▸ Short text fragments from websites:

- - - -

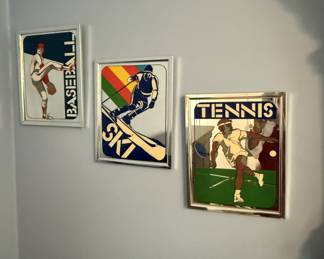 Vintage mirrored prints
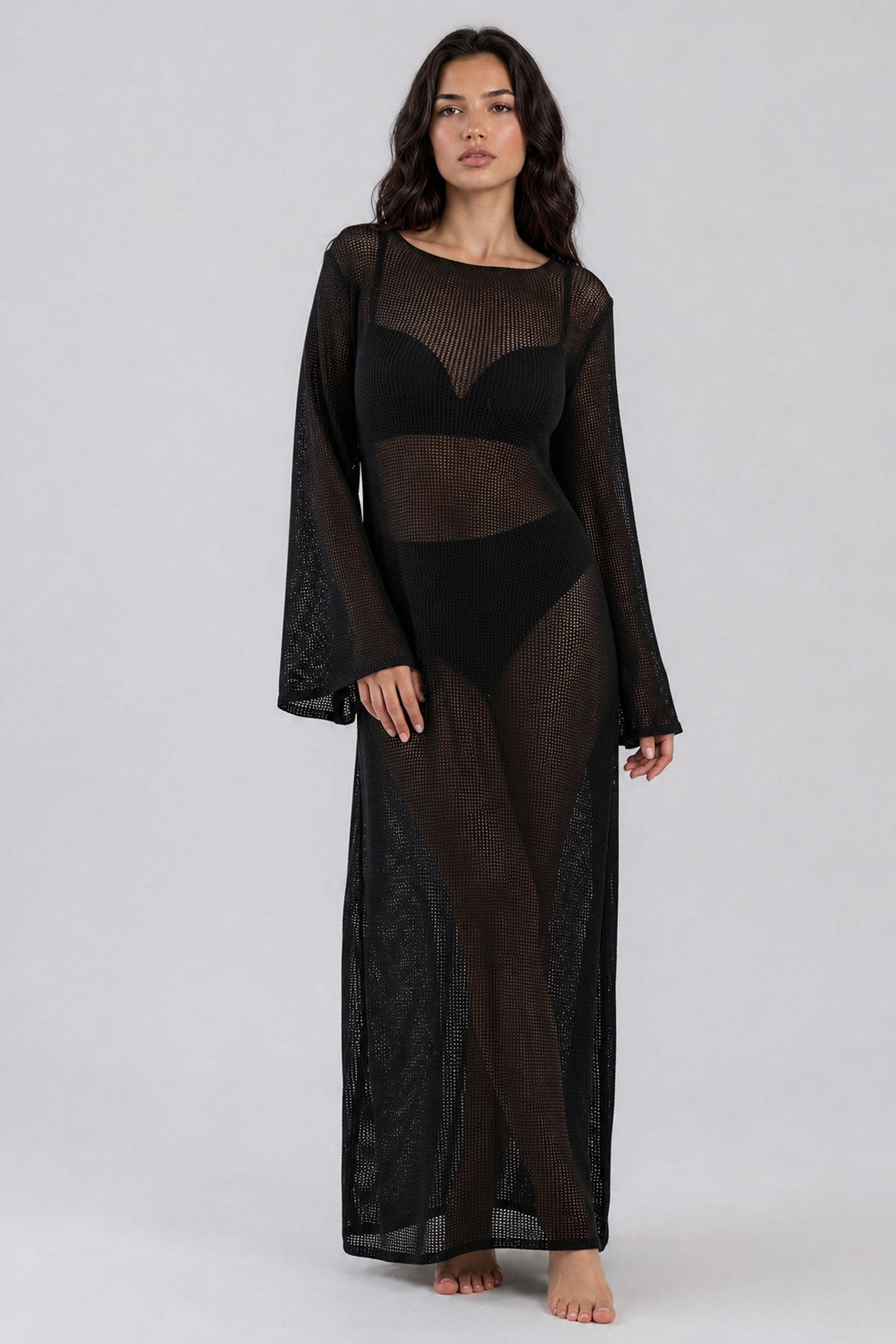 Sablé ecru langes Sommerkleid aus Bio-Baumwolle und Kaschmir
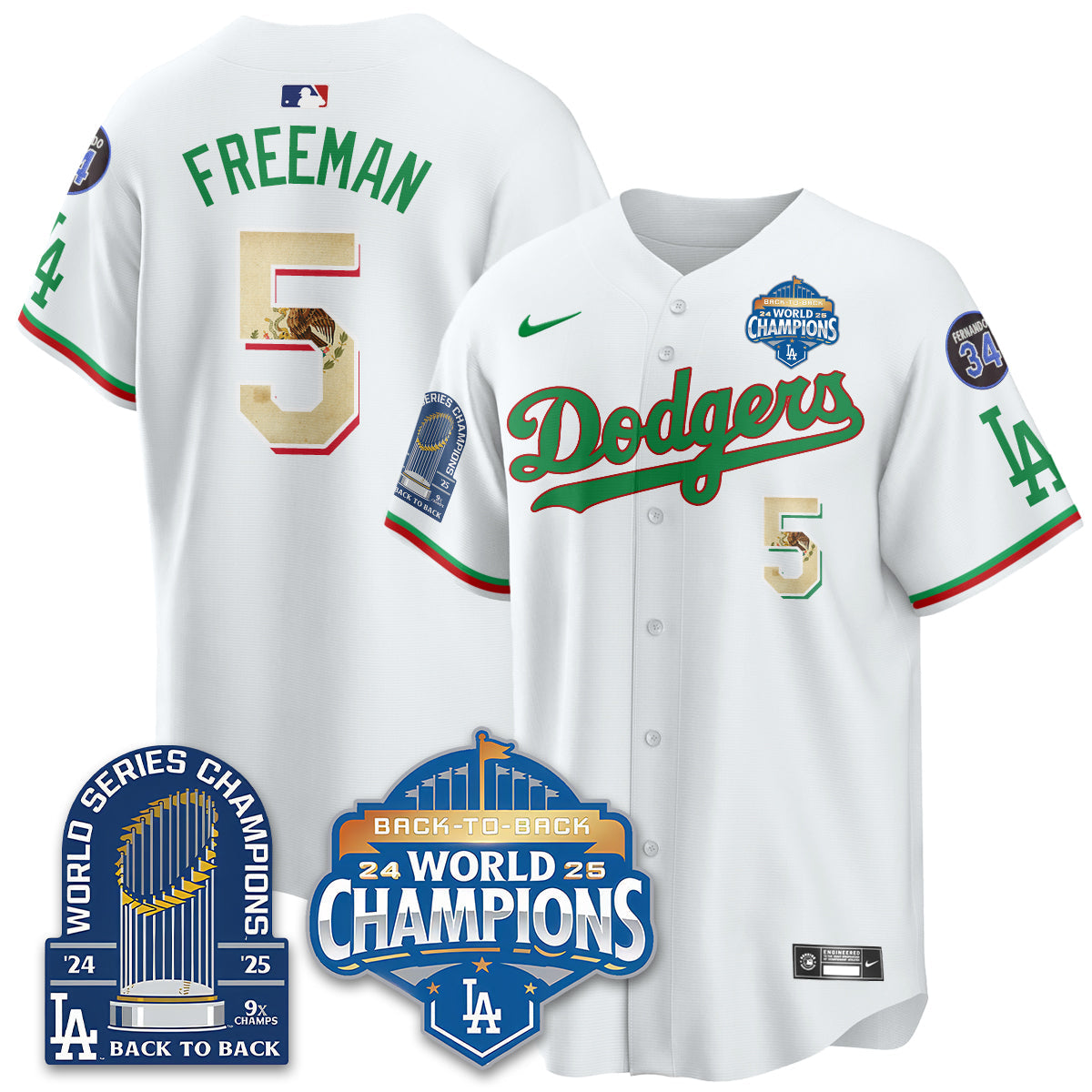 LAD Mexico World Series Champions Jersey - 9x Champs - Stitched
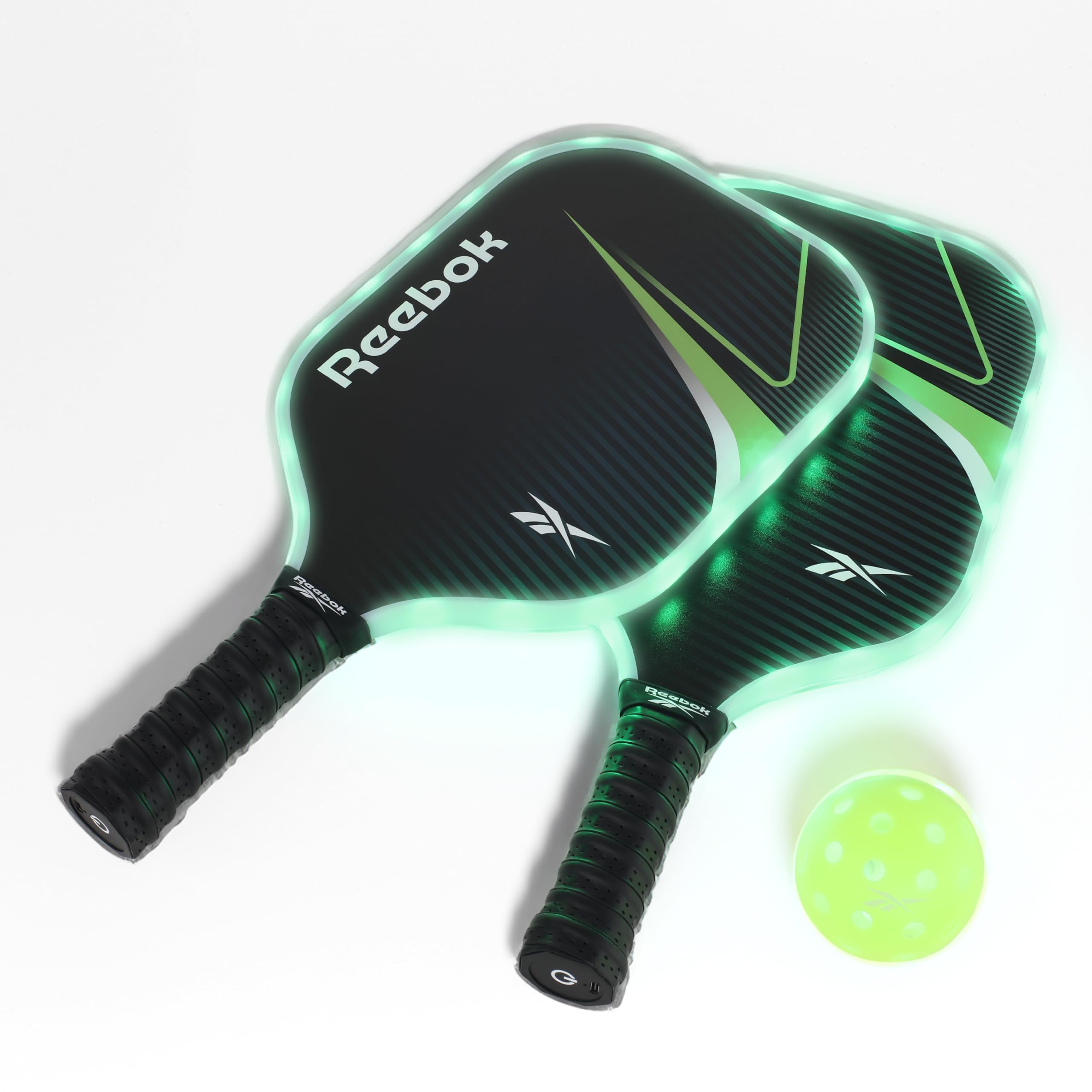 Reebok - LED-Pickleball-Set, hohe Sprungkraft, Outdoor-Pickleballs mit Präzision, 40-Loch-Muster, perfekt für nächtliche Spiele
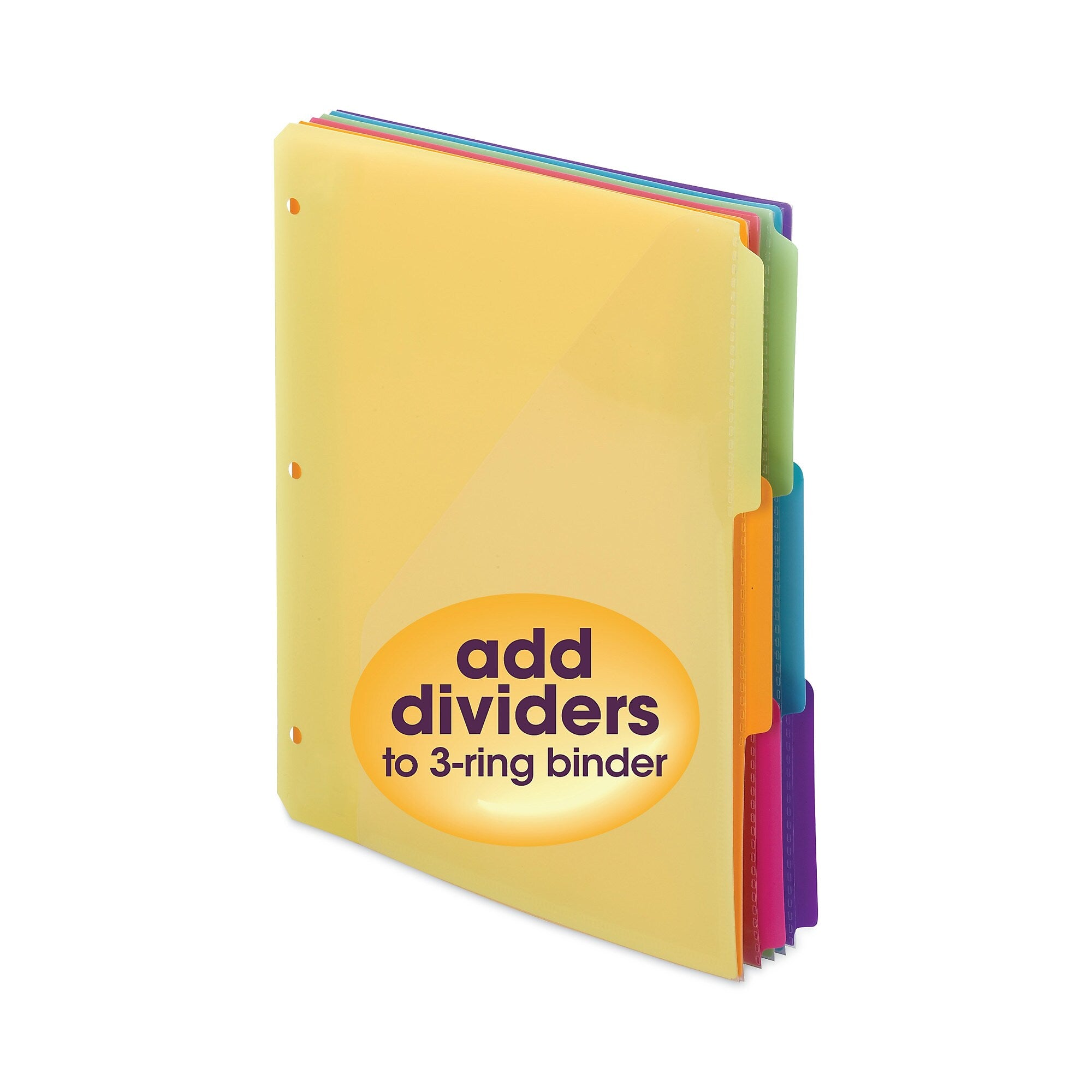 Smead™ Three-Ring Binder Poly Index Dividers with Pocket, 9.75 x 11.25, Assorted Colors, 30/Box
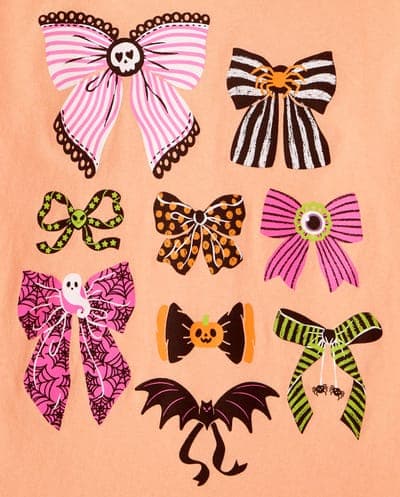 Girls Long Sleeve Halloween Bows Graphic Tee 3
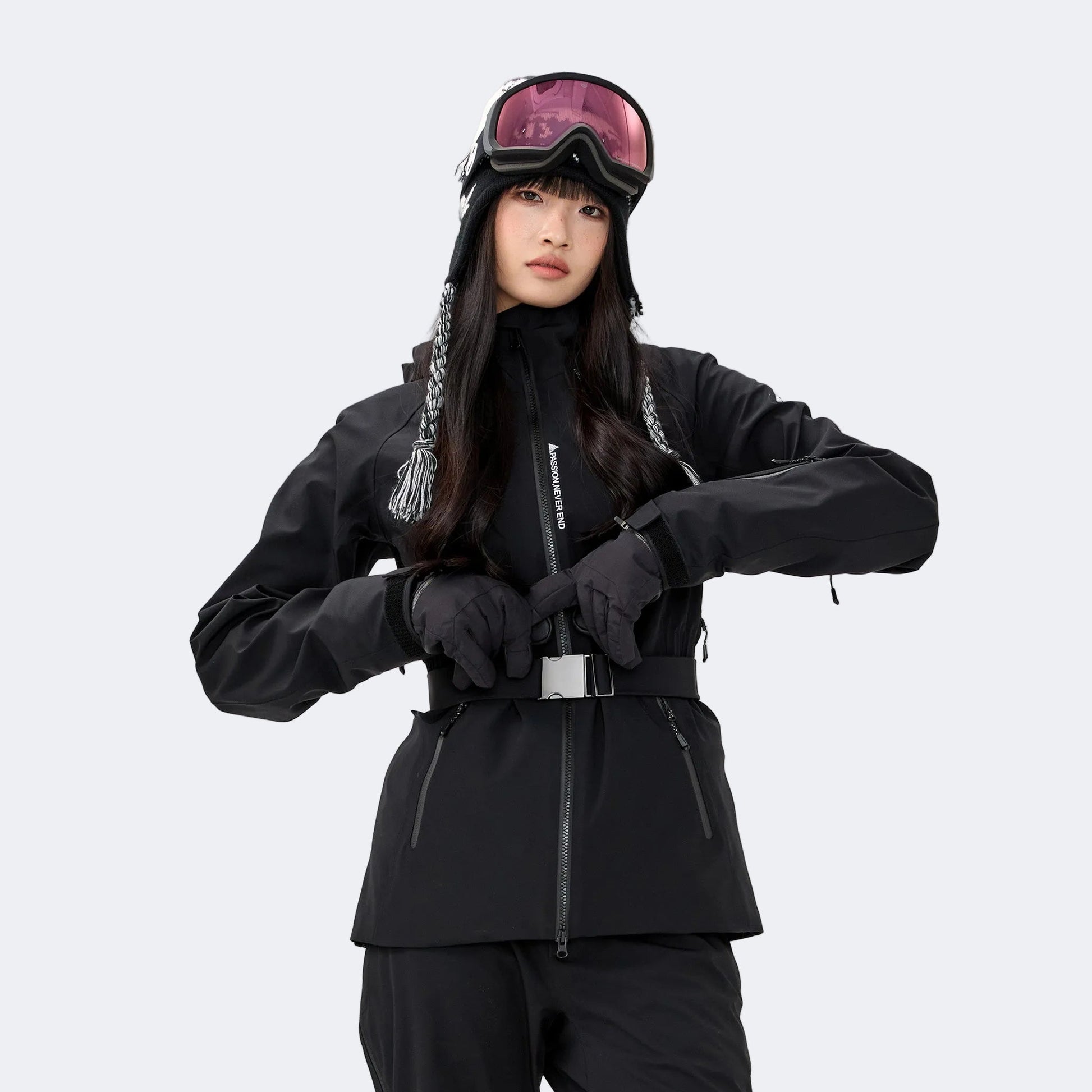 Women's Slim Fit Waterproof P-Cotton Warm Ski Jacket - NANEND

- - - -

The copy must include every record exactly and none of the pictures.

 Vintage mirrored prints
 Sablé ecru langes Sommerkleid aus Bio-Baumwolle und Kaschmir
 LAD Mexico World Series Champions Jersey - 9x Champs - Stitched
 Reebok - LED-Pickleball-Set, hohe Sprungkraft, Outdoor-Pickleballs mit Präzision, 40-Loch-Muster, perfekt für nächtliche Spiele
 Smead™ Three-Ring Binder Poly Index Dividers with Pocket, 9.75 x 11.25, Assorted Colors, 30/Box
 Girls Long Sleeve Halloween Bows Graphic Tee 3
 Women's Slim Fit Waterproof P-Cotton Warm Ski Jacket - NANEND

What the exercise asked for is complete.